**ASSIGNED TASK**
Among the entries below, take the line with "Подержанный автомобиль Citroen" and the line with "Used 2019 Ford", and output them and every line between them exactly, with nothing else.

**Excerpts from a dataset**
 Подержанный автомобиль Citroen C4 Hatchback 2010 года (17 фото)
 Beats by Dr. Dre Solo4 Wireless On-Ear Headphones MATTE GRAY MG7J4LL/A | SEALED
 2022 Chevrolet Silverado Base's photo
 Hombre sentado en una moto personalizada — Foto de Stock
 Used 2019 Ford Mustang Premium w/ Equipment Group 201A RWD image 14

* * *

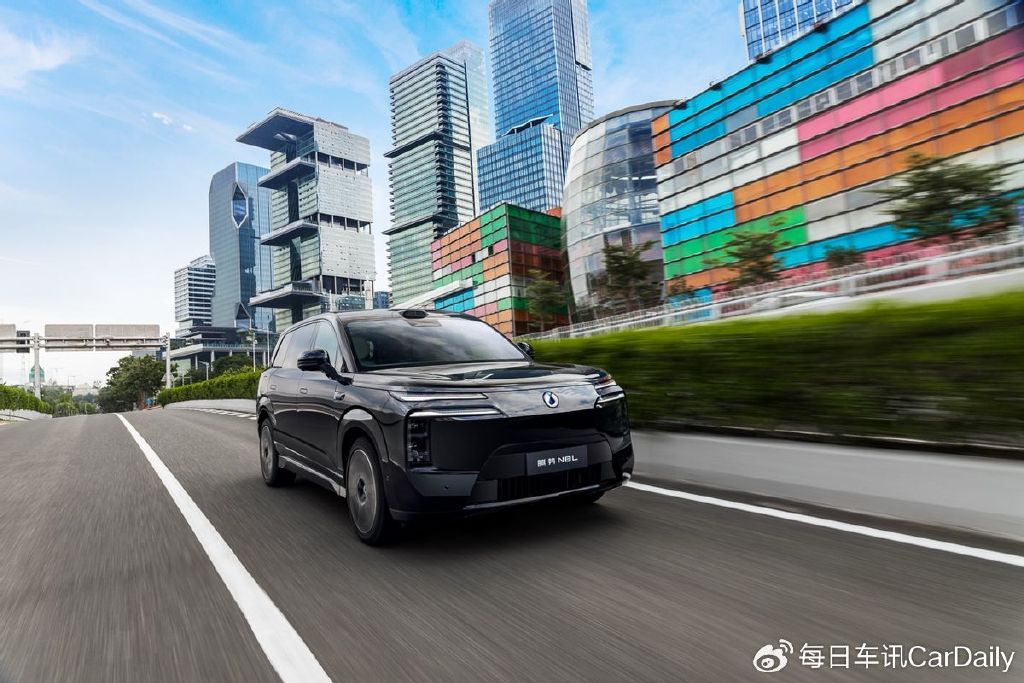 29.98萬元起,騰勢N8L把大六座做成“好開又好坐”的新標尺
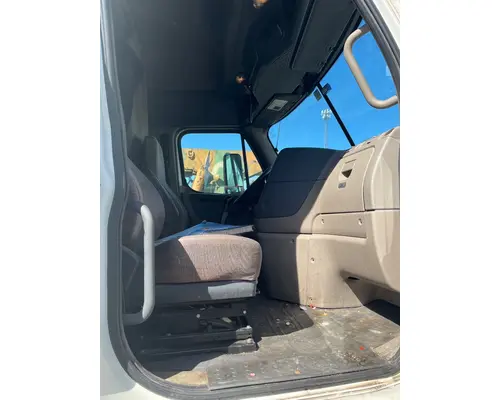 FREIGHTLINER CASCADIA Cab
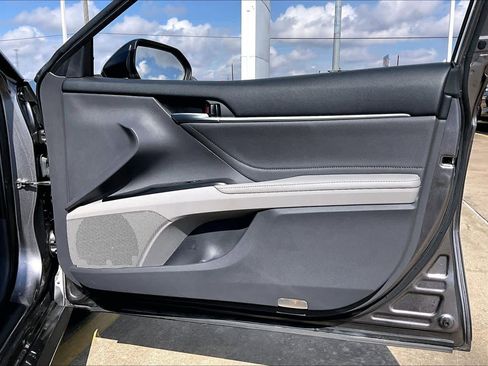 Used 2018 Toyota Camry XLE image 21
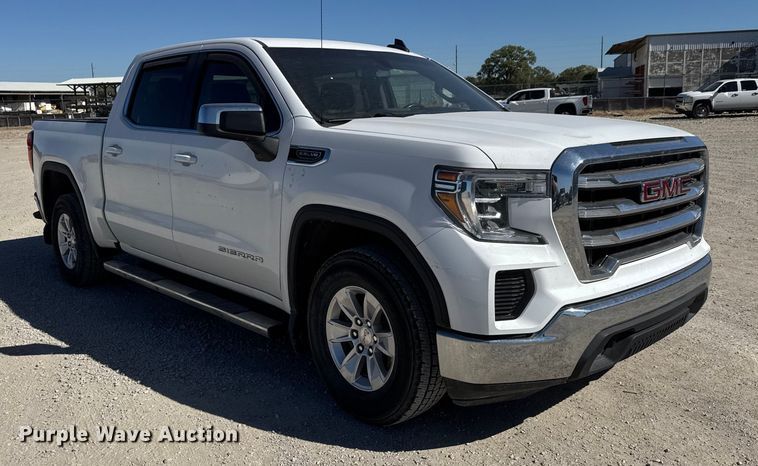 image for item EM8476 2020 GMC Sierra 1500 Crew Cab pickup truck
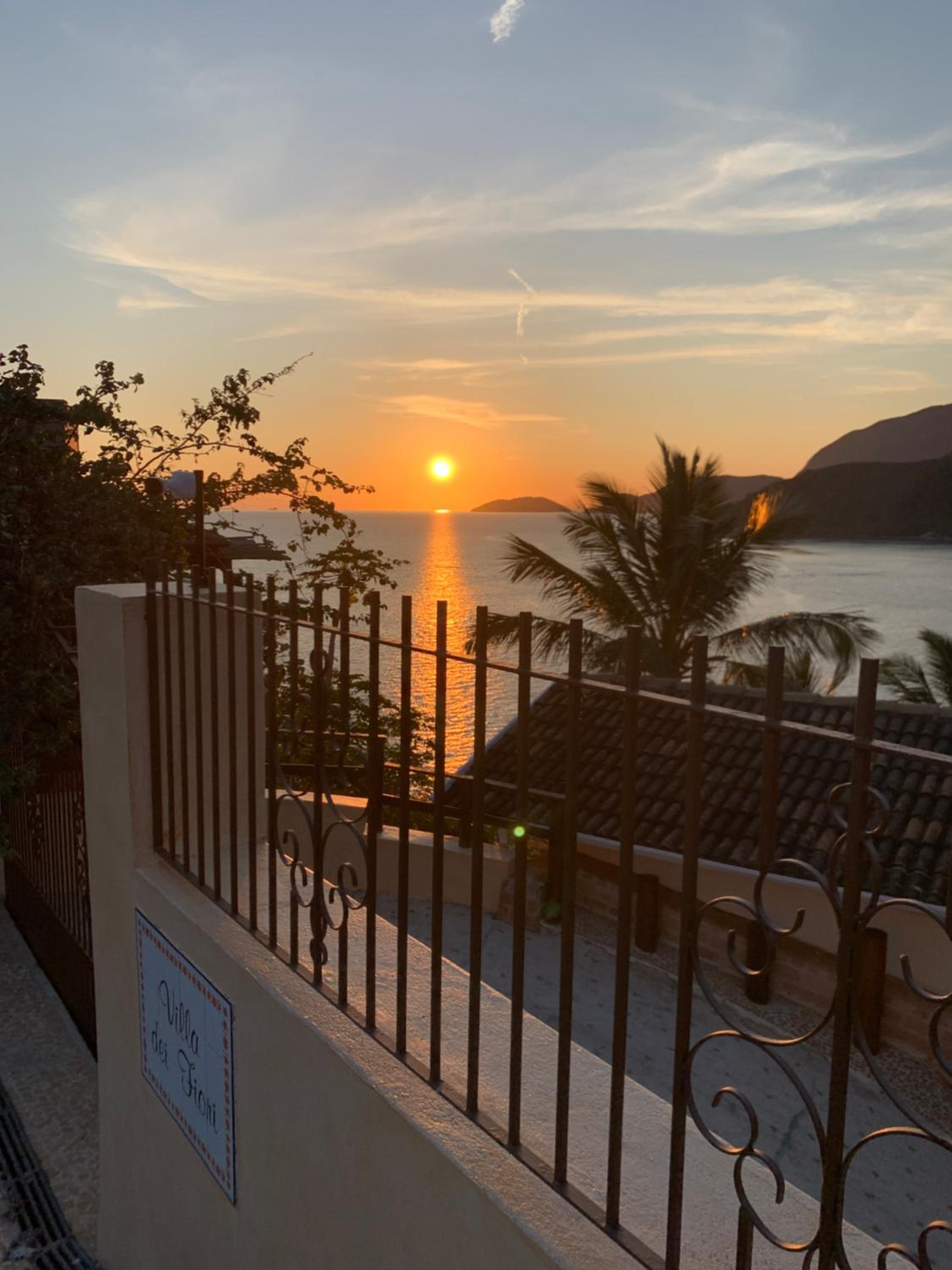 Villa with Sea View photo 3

**WRITTEN RESPONSE**
 Подержанный автомобиль Citroen C4 Hatchback 2010 года (17 фото)
 Beats by Dr. Dre Solo4 Wireless On-Ear Headphones MATTE GRAY MG7J4LL/A | SEALED
 2022 Chevrolet Silverado Base's photo
 Hombre sentado en una moto personalizada — Foto de Stock
 Used 2019 Ford Mustang Premium w/ Equipment Group 201A RWD image 14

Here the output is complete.